Data shown:
Segment Open
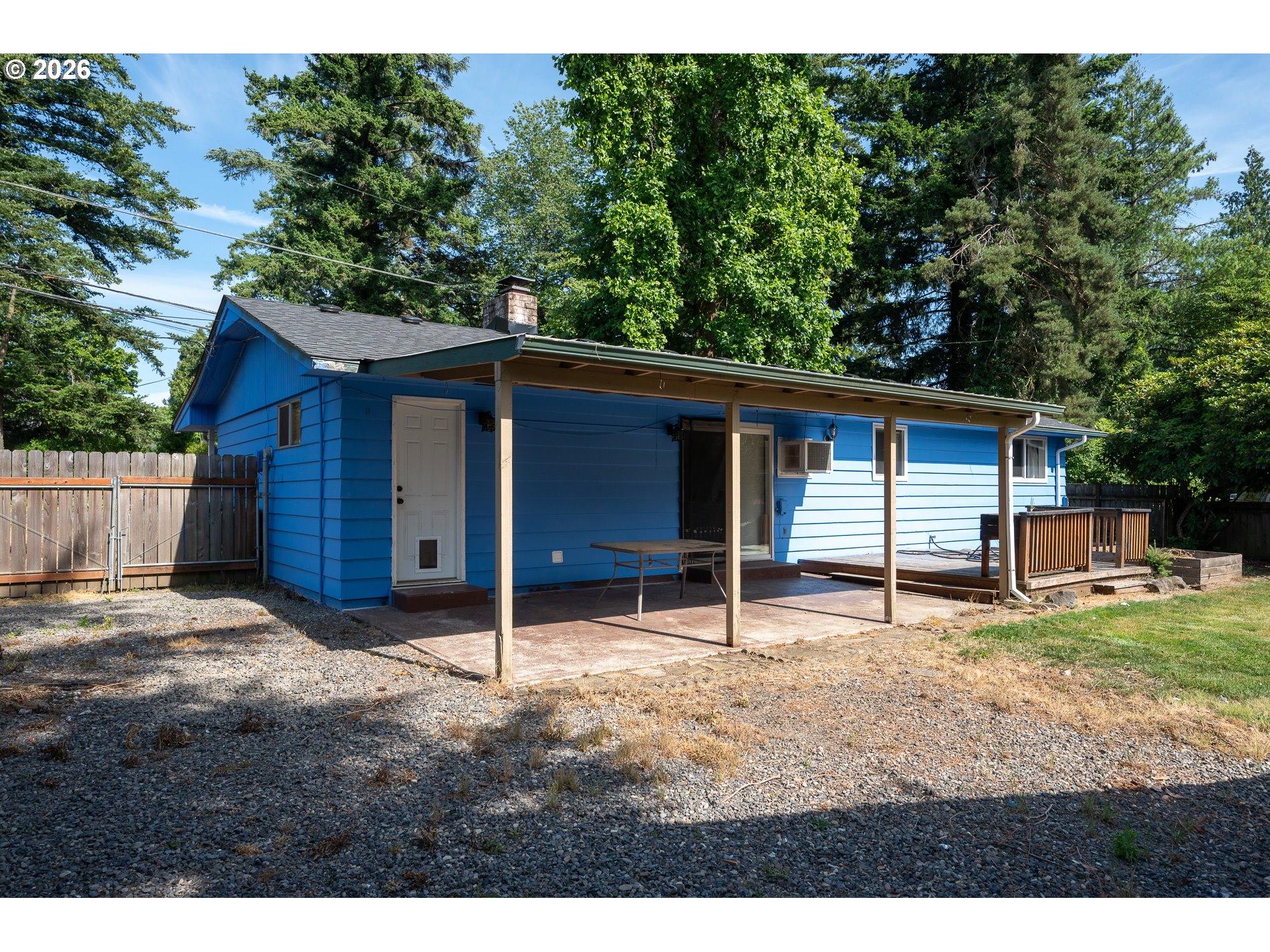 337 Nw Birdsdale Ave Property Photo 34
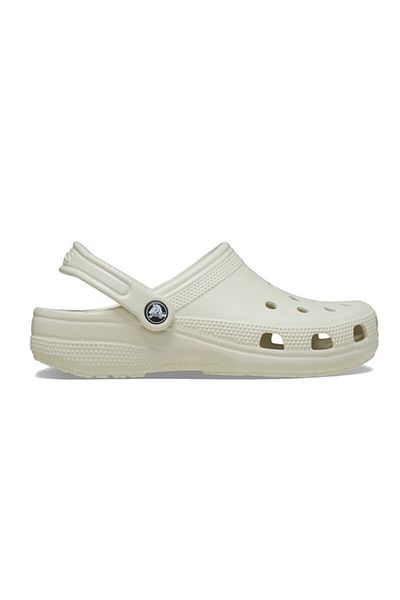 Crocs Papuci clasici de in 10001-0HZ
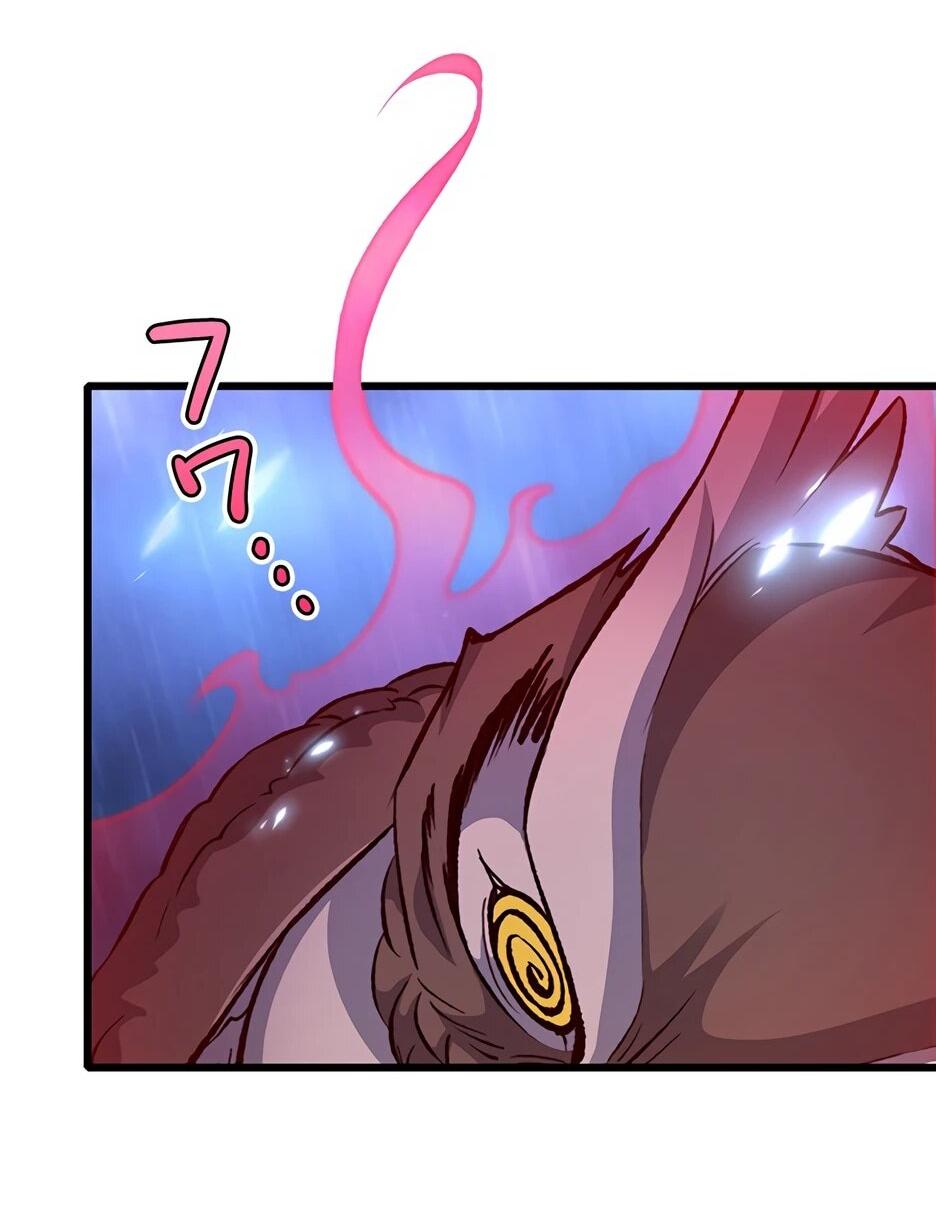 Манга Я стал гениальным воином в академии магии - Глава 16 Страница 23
Segment Closed
Segment Open
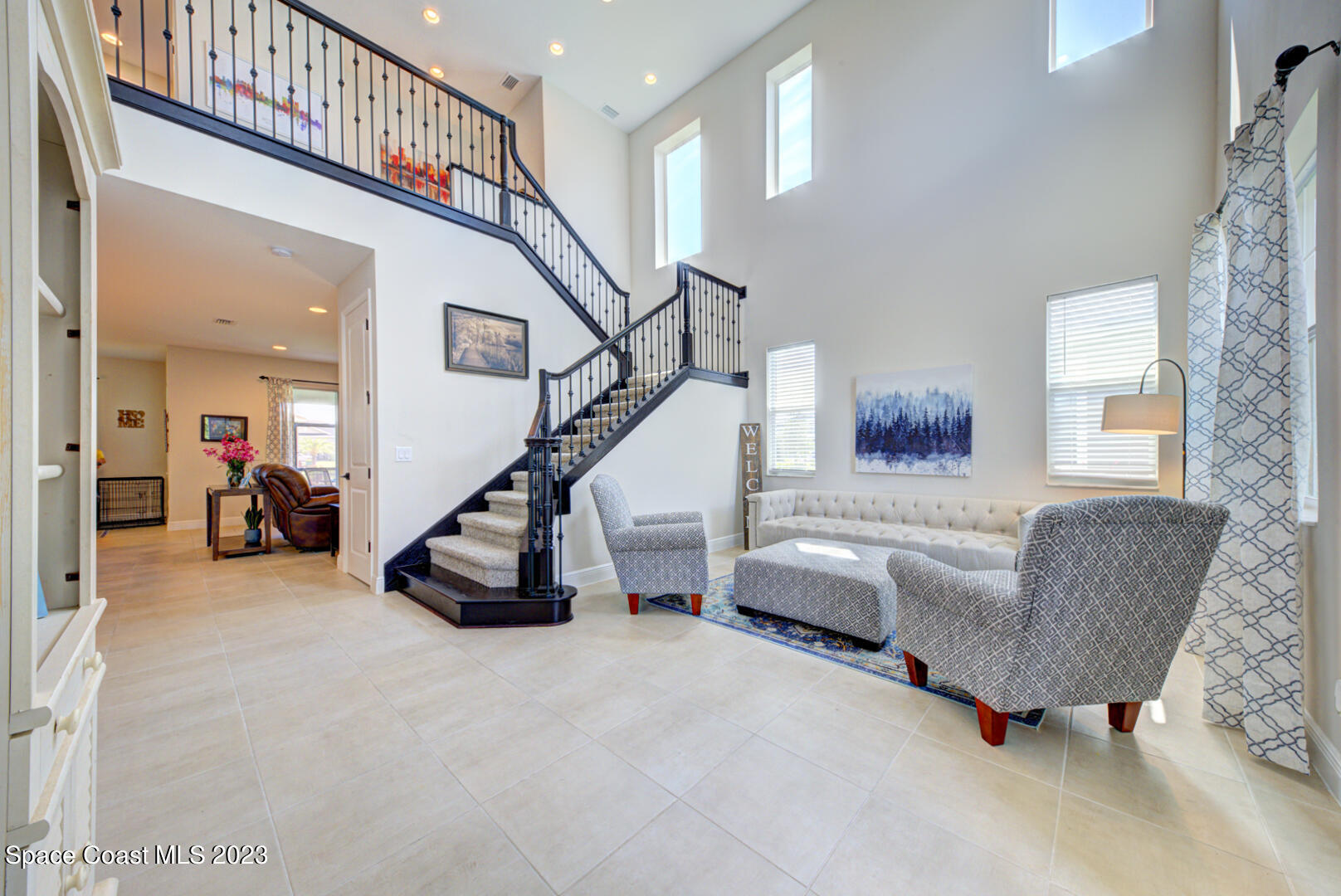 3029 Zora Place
Segment Closed
Segment Open
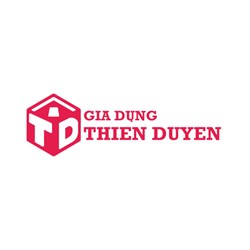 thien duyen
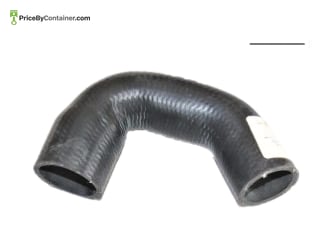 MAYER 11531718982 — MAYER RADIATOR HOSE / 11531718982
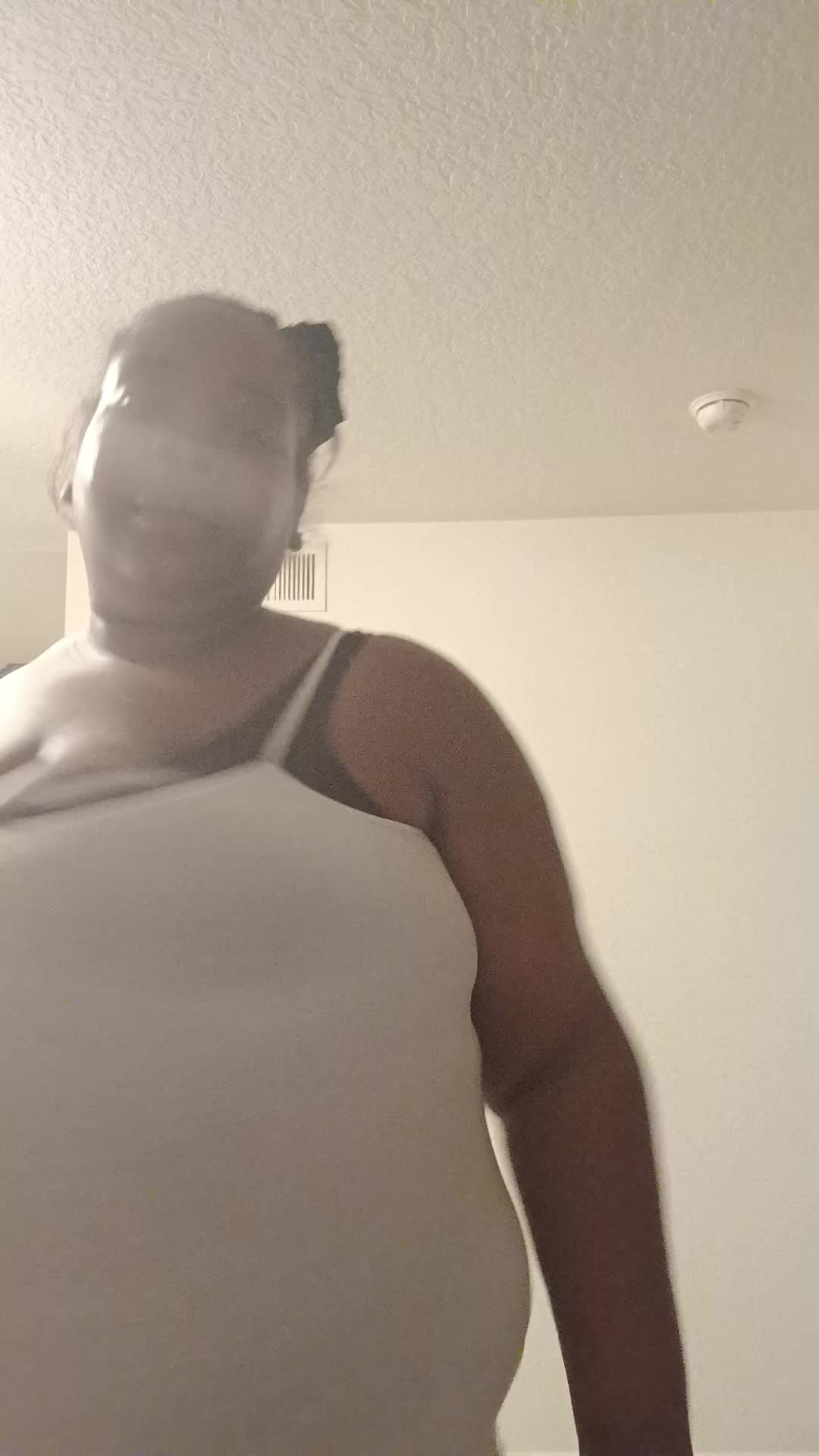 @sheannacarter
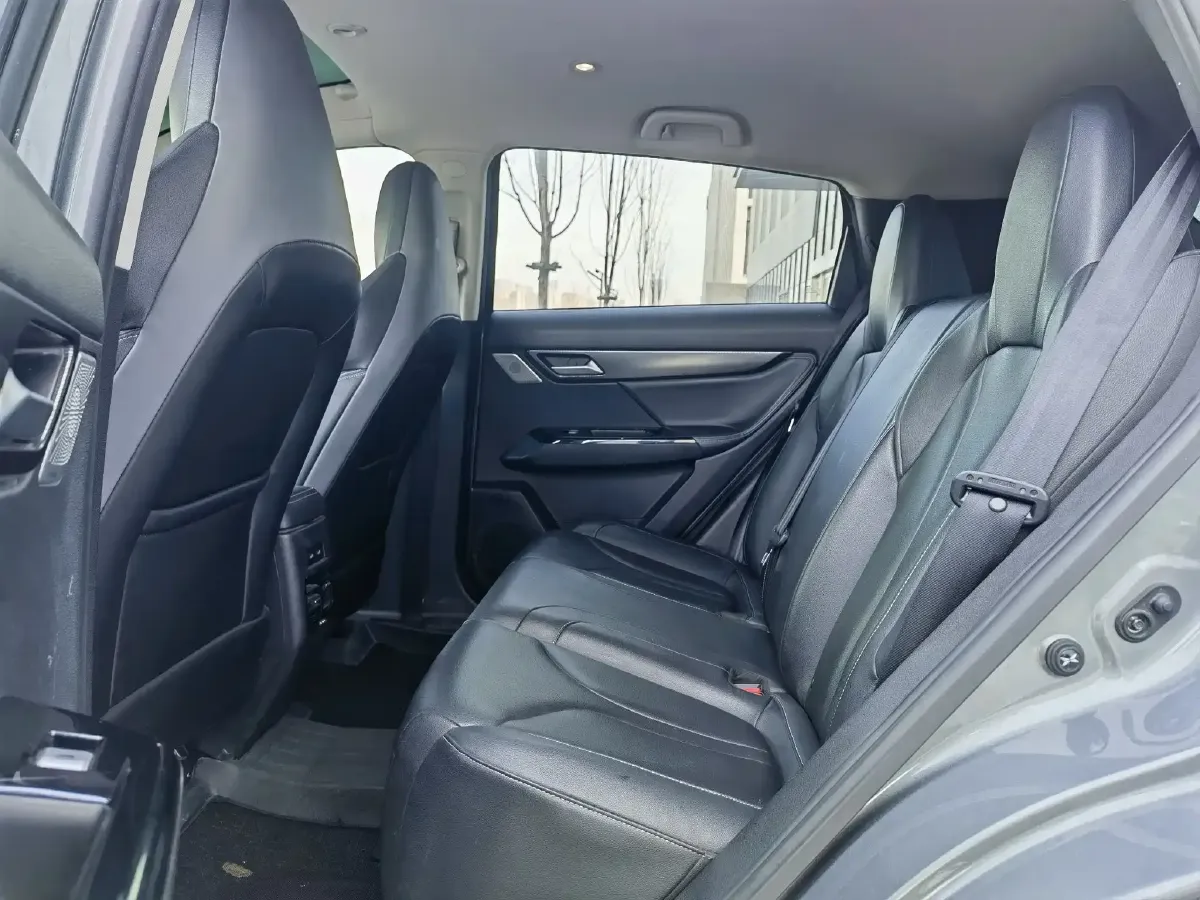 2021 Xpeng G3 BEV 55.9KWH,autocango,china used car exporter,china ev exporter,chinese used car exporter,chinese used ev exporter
Segment Closed
Problem description:
Give again the stretch of lines above from the one with "MAYER 11531718982 —" through the one with "2021 Xpeng G3", both ends kept, and copy no pictures.

Solution to this task:
 MAYER 11531718982 — MAYER RADIATOR HOSE / 11531718982
 @sheannacarter
 2021 Xpeng G3 BEV 55.9KWH,autocango,china used car exporter,china ev exporter,chinese used car exporter,chinese used ev exporter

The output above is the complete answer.